LISTED RECORDS below:
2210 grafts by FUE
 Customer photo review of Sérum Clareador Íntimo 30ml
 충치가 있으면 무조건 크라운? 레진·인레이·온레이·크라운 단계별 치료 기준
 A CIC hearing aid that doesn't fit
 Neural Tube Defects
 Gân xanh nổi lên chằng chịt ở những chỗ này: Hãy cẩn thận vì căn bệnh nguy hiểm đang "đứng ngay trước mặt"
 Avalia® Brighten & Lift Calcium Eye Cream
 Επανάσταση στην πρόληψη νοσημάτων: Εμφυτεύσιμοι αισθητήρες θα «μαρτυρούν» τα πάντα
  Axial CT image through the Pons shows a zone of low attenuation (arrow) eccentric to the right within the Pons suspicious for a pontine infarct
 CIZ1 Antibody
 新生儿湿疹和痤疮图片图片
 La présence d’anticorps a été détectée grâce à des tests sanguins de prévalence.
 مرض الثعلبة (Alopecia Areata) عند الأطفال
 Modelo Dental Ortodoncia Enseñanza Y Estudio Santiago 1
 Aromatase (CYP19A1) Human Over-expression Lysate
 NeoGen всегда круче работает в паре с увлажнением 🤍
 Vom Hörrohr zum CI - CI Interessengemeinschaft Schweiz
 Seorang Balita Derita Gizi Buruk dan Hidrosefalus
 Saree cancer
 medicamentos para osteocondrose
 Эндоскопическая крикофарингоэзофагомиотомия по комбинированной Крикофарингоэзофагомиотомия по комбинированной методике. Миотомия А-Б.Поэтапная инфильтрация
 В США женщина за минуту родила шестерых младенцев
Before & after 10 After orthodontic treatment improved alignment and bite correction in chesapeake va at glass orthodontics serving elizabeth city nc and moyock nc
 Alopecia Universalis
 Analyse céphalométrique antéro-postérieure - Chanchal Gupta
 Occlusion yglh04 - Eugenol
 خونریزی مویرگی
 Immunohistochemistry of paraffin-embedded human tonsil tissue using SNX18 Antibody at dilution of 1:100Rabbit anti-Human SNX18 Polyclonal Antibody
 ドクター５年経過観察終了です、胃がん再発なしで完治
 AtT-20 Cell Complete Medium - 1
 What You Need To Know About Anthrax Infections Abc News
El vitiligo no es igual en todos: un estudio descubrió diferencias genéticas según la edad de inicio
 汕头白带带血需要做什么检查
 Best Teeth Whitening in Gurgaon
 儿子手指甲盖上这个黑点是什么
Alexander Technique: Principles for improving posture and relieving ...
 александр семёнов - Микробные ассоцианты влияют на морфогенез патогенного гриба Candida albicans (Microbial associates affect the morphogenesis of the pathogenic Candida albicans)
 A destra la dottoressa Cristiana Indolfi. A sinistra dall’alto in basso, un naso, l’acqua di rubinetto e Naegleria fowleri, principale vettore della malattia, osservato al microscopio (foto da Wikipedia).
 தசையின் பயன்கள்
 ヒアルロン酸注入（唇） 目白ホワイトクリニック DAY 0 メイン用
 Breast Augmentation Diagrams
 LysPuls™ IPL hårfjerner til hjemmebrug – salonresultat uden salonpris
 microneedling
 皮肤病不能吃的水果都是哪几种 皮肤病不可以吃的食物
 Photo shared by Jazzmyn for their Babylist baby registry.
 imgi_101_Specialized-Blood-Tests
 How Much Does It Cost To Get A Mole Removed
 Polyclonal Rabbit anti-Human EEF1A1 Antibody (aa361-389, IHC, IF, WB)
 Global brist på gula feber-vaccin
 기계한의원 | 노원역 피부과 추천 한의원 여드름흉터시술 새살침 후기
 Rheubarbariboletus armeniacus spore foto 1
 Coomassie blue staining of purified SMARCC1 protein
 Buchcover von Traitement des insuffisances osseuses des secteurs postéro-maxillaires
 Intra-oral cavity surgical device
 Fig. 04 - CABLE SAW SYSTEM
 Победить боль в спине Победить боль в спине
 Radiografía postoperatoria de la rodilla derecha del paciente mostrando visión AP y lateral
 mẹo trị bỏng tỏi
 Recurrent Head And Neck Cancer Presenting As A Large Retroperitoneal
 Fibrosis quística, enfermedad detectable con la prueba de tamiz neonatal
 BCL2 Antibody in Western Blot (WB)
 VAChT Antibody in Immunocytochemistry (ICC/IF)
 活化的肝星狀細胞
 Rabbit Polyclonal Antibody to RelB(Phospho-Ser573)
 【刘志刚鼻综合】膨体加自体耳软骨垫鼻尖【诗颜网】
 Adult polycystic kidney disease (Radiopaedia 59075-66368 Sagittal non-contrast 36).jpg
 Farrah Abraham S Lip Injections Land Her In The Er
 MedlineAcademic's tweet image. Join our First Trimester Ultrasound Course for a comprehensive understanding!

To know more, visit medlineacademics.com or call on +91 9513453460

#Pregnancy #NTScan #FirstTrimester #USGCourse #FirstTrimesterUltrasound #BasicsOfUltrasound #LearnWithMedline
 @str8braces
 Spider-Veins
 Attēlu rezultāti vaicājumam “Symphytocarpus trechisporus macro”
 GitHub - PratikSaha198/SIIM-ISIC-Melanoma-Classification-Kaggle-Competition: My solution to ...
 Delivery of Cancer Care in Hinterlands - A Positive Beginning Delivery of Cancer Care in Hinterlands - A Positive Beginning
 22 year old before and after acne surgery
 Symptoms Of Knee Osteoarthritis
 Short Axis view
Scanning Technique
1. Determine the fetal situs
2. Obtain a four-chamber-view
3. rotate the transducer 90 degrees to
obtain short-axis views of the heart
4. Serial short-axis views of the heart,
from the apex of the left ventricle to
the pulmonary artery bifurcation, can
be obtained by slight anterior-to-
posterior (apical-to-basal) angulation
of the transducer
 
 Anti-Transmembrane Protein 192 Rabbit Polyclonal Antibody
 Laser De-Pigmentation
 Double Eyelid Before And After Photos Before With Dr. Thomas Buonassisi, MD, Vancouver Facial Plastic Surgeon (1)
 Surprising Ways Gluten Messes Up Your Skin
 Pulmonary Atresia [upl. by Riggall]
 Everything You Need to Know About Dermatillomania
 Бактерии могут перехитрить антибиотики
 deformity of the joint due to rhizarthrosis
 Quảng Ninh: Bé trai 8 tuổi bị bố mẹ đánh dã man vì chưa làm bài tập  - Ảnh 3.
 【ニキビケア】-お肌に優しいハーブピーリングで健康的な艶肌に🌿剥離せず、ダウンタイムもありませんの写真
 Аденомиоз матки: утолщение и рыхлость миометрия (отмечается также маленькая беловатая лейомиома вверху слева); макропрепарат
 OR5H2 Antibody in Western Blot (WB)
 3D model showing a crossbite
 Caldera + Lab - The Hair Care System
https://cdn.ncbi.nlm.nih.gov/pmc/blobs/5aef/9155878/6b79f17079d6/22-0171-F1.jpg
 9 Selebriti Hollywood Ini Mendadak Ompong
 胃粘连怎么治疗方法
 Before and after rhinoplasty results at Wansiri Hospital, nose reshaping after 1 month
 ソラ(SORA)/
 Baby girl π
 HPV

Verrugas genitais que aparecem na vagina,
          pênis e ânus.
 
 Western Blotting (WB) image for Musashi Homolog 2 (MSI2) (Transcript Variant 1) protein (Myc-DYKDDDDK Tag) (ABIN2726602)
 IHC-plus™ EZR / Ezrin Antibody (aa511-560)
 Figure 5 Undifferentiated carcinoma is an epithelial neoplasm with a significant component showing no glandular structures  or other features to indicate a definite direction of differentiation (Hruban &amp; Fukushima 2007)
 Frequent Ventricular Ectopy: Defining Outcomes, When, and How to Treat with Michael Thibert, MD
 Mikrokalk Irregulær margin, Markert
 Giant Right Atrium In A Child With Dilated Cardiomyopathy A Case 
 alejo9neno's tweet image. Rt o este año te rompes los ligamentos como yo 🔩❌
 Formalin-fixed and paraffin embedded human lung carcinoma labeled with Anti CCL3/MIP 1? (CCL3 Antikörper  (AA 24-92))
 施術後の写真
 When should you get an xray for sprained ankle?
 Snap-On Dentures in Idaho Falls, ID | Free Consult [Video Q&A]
End of LISTED RECORDS.
Out of the records above, pick each line that contains the string "Polyclonal".

 Immunohistochemistry of paraffin-embedded human tonsil tissue using SNX18 Antibody at dilution of 1:100Rabbit anti-Human SNX18 Polyclonal Antibody
 Polyclonal Rabbit anti-Human EEF1A1 Antibody (aa361-389, IHC, IF, WB)
 Rabbit Polyclonal Antibody to RelB(Phospho-Ser573)
 Anti-Transmembrane Protein 192 Rabbit Polyclonal Antibody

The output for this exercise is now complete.